*Excerpts from a dataset:*

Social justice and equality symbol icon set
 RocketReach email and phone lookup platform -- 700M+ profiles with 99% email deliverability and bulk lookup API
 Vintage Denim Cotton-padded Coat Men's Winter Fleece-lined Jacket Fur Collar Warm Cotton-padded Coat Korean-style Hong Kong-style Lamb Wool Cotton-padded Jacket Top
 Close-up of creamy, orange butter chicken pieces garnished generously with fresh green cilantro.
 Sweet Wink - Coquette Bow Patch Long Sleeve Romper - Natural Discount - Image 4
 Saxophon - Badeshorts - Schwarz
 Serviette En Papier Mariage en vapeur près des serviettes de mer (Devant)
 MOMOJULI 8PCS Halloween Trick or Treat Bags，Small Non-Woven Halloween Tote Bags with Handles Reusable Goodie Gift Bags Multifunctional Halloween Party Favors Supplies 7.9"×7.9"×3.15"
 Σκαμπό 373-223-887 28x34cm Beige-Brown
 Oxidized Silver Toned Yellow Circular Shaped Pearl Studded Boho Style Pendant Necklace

*THE TASK:*
Lines that contain "with" should be pulled from the entries above and reported.

*ANSWER:*
 RocketReach email and phone lookup platform -- 700M+ profiles with 99% email deliverability and bulk lookup API
 Close-up of creamy, orange butter chicken pieces garnished generously with fresh green cilantro.
 MOMOJULI 8PCS Halloween Trick or Treat Bags，Small Non-Woven Halloween Tote Bags with Handles Reusable Goodie Gift Bags Multifunctional Halloween Party Favors Supplies 7.9"×7.9"×3.15"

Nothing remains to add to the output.